Life in the Sunshine State just got a lot sunnier for one lucky lottery player, after officials announced Sunday that the record-breaking $590.5 million Powerball ticket was purchased at a Florida grocery store.
News reports here said that the lone winning ticket was sold at a store in the town of Zephyrhills, near Tampa in southwest Florida.
The winning numbers -- 10, 13, 14, 22, 52 and a Powerball of 11 -- drawn just before 11:00 pm eastern time (0300 GMT Sunday) -- dashed the hopes of millions of Americans who thronged supermarkets and convenience stores in recent days in hopes of winning the massive, life-changing payout.
But for the lucky ticket holder -- whose identity was still unknown -- the purchase proved to be the best two-dollar investment imaginable.
Powerball did not name the winner but said further details would be released later Sunday.
Powerball is played in 43 US states, as well as Washington, DC and the US Virgin Islands, making it among America's most popular lottery games.
Until just minutes before the drawing late Saturday, Americans by the droves plunked down their cash in a last-minute push for a chance at scooping the top prize, snapping up tickets at supermarkets, corner stores and gas stations.
The jackpot had been touted by lottery officials as "the largest in the 21-year history of the game."
It narrowly surpassed a previous Powerball jackpot of $587.5 million, set in November 2012. Lottery officials said the store which sold the winning ticket was also due for a modest lottery payout.
Sales were also boosted after Powerball tickets became available in California starting in April, the 43rd US state to join the competition.
Powerball -- a shared jackpot coordinated by the Multi-State Lottery Association (MUSL), formed by the participating state lotteries -- cannot be played from outside the United States or outside participating states.
The game presents a choice of five numbers from a pool of 59, plus a Powerball number from a separate pool of 35.

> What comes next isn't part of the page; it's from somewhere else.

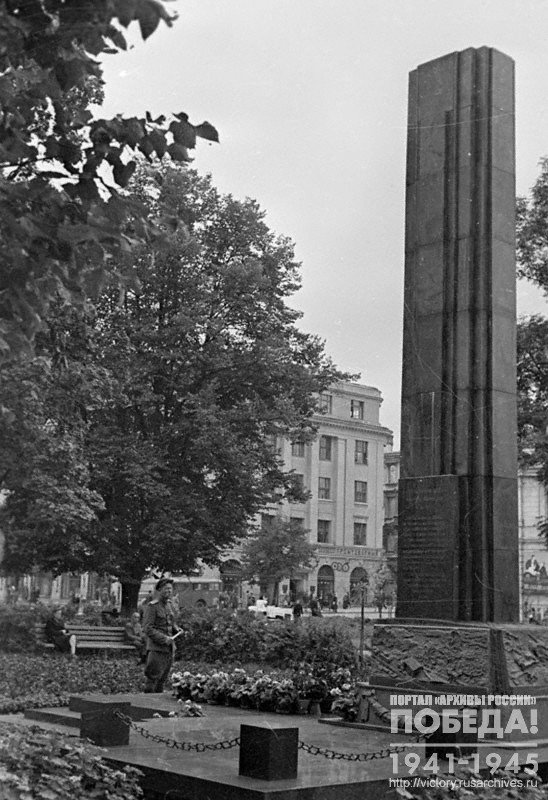 Monument to General Chernyakhovskiy on the square named after him in Vilnius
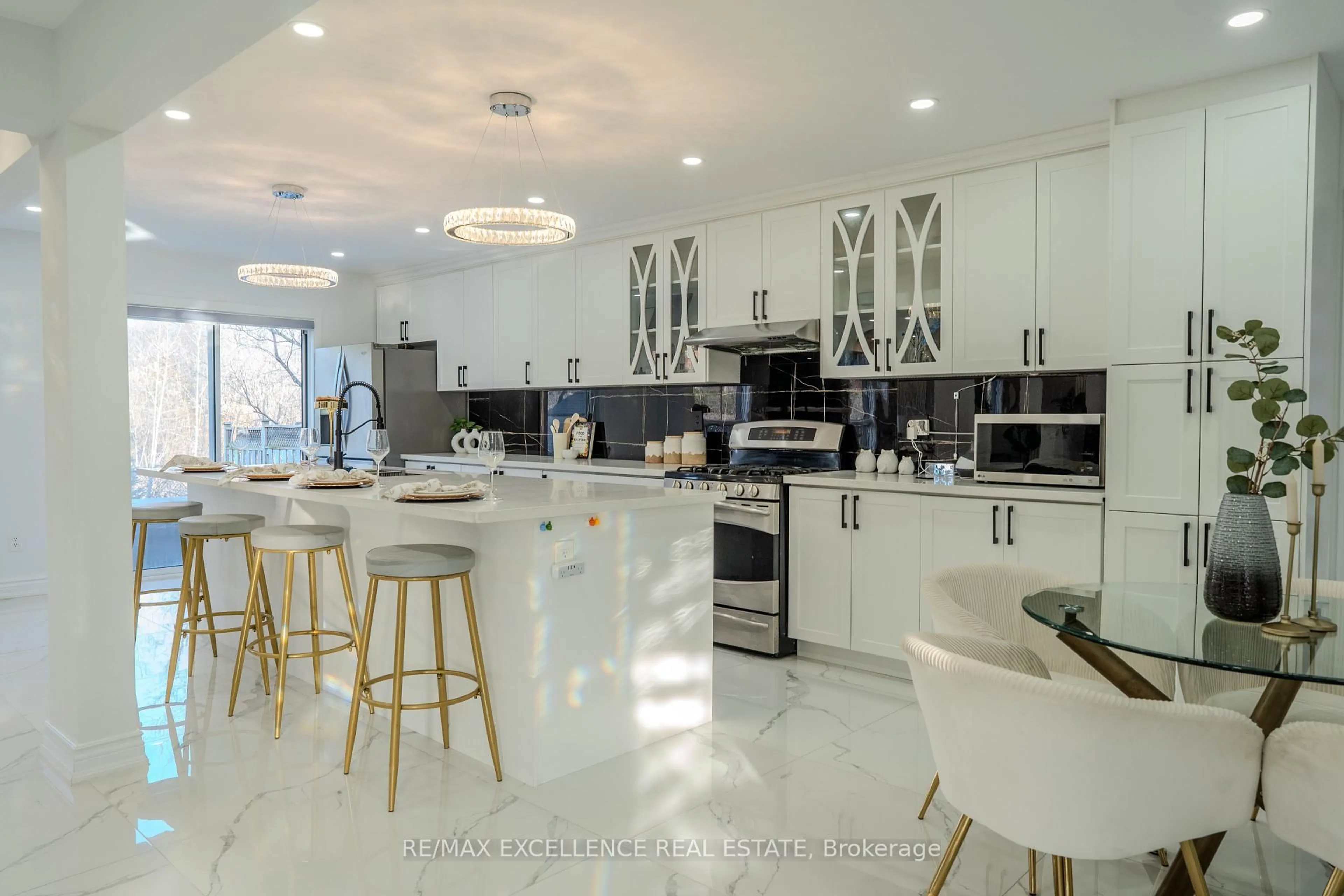 Open concept kitchen, ceramic/tile floor for 6839 Gracefield Dr, Mississauga Ontario L5N 6T6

The richest US lottery jackpot of all time is $656 million, won in a Mega Millions draw in March 2012 and split between three tickets in Illinois, Kansas and Maryland. Like all US lotteries, the winnings are subject to tax.
Back then, when entering cost $1, big lines of customers formed for three days, said Rajendra Prasad Bhusal, an employee at the Continental Wine and Liquor store in downtown Washington.
In recent days, hopefuls again streamed in to buy Powerball tickets, but the crowd is only a third of the numbers seen in March last year, according to the liquor salesman.
"Now, people complain that the tickets cost too much," he added.
The Powerball website put the odds of winning at one in 175,223,510, far less likely that the chance of getting struck by lighting in the United States, which according the National Lightning Safety Institute in about one chance in 280,000.
The main Powerball website advised that "swinging a live chicken above your head while wishing for the future numbers does NOT work" to improve the chances of winning.
Buying more tickets helps, "but the odds are still high and hitting the jackpot is still a question of fate," it added.